Prepregnancy overweight or obese was another major risk factor identified in the current study. A study conducted by Mohan and Chandrakumar also demonstrated that prepregnancy weight management could reduce a woman's risk of GDM [30]. There were other studies with similar results to ours [31, 32], despite their varieties of dietary habits and with most people consuming large amounts of alcoholic beverages. Counselling for pregnant women should emphasize the need for women to avoid sedentary lifestyles before pregnancy and to be aware of the risks of GDM to both themselves and the unborn child.
Our study also suggested that FHD (particularly in a first-degree relative) was strongly related to an increased risk of GDM, which had been observed in a previous study [33]. This was partly because of an increased susceptibility to GDM due to a genetic deficiency in insulin secretion from their first-degree relatives [34]. Therefore, it is important to emphasize that healthcare education providers must obtain accurate personal or family history from their recipients in order to identify at-risk mothers for preventing GDM.

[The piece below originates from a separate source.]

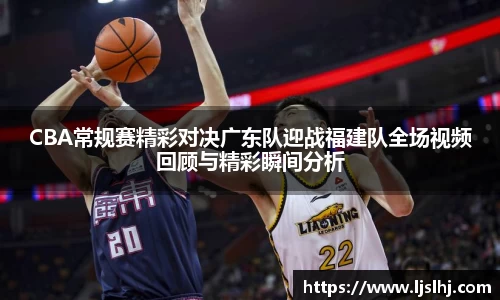 CBA常规赛精彩对决广东队迎战福建队全场视频回顾与精彩瞬间分析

Another significant medical factor associated with a higher risk for developing GDM was history of GDM. Interestingly, a retrospective study [35] and two case-control studies [21, 36] also had similar results showing that history of GDM was thought to be a common risk factor in repeated pregnancies [34].

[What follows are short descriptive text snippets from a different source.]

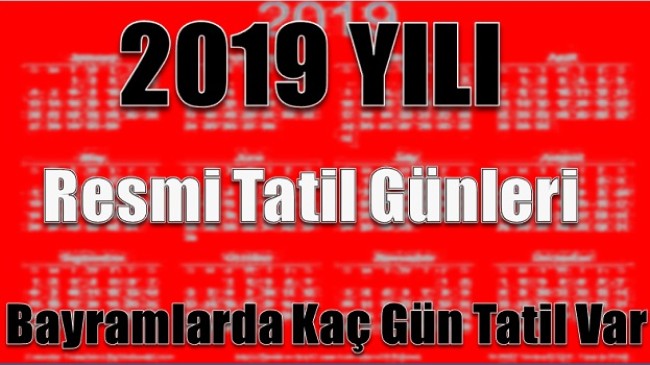 2019 YILI RESMİ TATİL GÜNLERİ LİSTESİ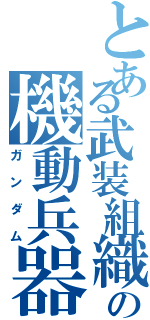 とある武装組織の機動兵器（ガンダム）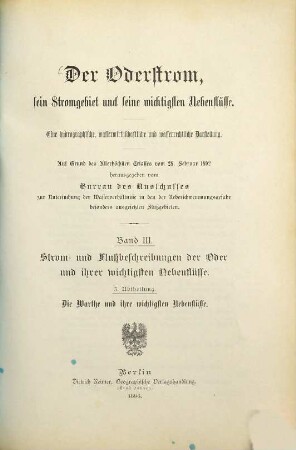 Der Oderstrom, sein Stromgebiet und seine wichtigsten Nebenflüsse : eine hydrographische, wasserwirthschaftliche und wasserrechtliche Darstellung, 3,3. 3. Bd.: Strom- und Flussbeschreibungen der oder und ihrer wichtigsten Nebenenflüsse ; 3, Die Warthe und ihre wichtigsten Nebenflüsse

Among the obstetric factors of GDM, Anzaku and Musa pointed out that women with previous history of macrosomia were the only independent risk factor for GDM in the next pregnancy [16], which was similar to our results. A case-control study indicated that women having a history of abortion increased the risk of developing GDM at the central hospitals of the Amhara region, Ethiopia [34]. In contrast to this finding, our study showed no significant association between GDM and previous history of abortion, while another study showed a similar result to ours [19]. Limited literatures reported an association between a history of fetal congenital anomaly or premature delivery and GDM. Our results, supported by a previous study, revealed that they had no link [37]. However, women who had a history of premature delivery would be prone to the development of GDM, and it can be attributed to the intrauterine damage of the mother and the fetus [38]; however, more research is required to affirm this result. The current study also indicated that pregnant women with a history of stillbirth would have a higher risk of developing GDM during future pregnancies. This finding was in line with a review conducted in Africa by Muche et al. [23]. A study conducted in Pakistan demonstrated that the incidence of GDM in primigravida Pakistani women was <1% [39]. A previous meta-analysis of 5 included studies implied that being primigravida would reduce the risk of GDM [37]. Our study of a larger trial containing 56 relevant studies has reached the same conclusion.

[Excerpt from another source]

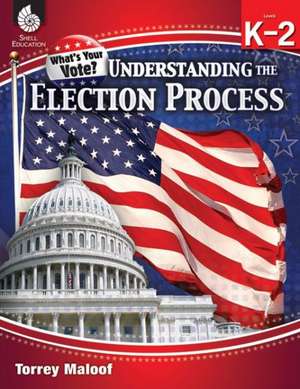 Understanding Elections Levels K-2 (Levels K-2) de Torrey Maloof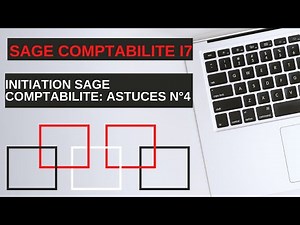 Sage comptabilité 100: ASTUCES N°4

As for infection factors, Egbe et al. found that there were 13 out of 200 (6.5%) HIV-positive respondents through analysis, but no association between HIV and GDM was observed [17]. This finding was consistent with our meta-analysis, which was also supported by the research of Jao et al. [22] and a previous meta-analysis study conducted by Natamba et al. [37]. Because few studies have reported a link between HIV and GDM, their association still needs to be further explored through more researches.
With the exception of the most common risk factors, such as maternal age, prepregnancy overweight or obese, FHD, obstetric factors, and infection factors, this study demonstrated that there was a significant correlation between pregestational smoking and GDM. Previous studies have also noted that pregestational smoking was considered to be a risk factor, although its association has been rarely investigated at present [40]. This condition might be explained by the fact that there were several limitations in the way data collection related to smoking was conducted in our study. A recent systematic review examined the relationship between pregestational smoking and the risk of GDM, but no correlation was found [36]. The aspect of smoking in the development of GDM deserves further investigations. Possible uncontrolled confounding factors should be considered, such as the differences in socioeconomic status between groups, selection bias, or even passive smoking.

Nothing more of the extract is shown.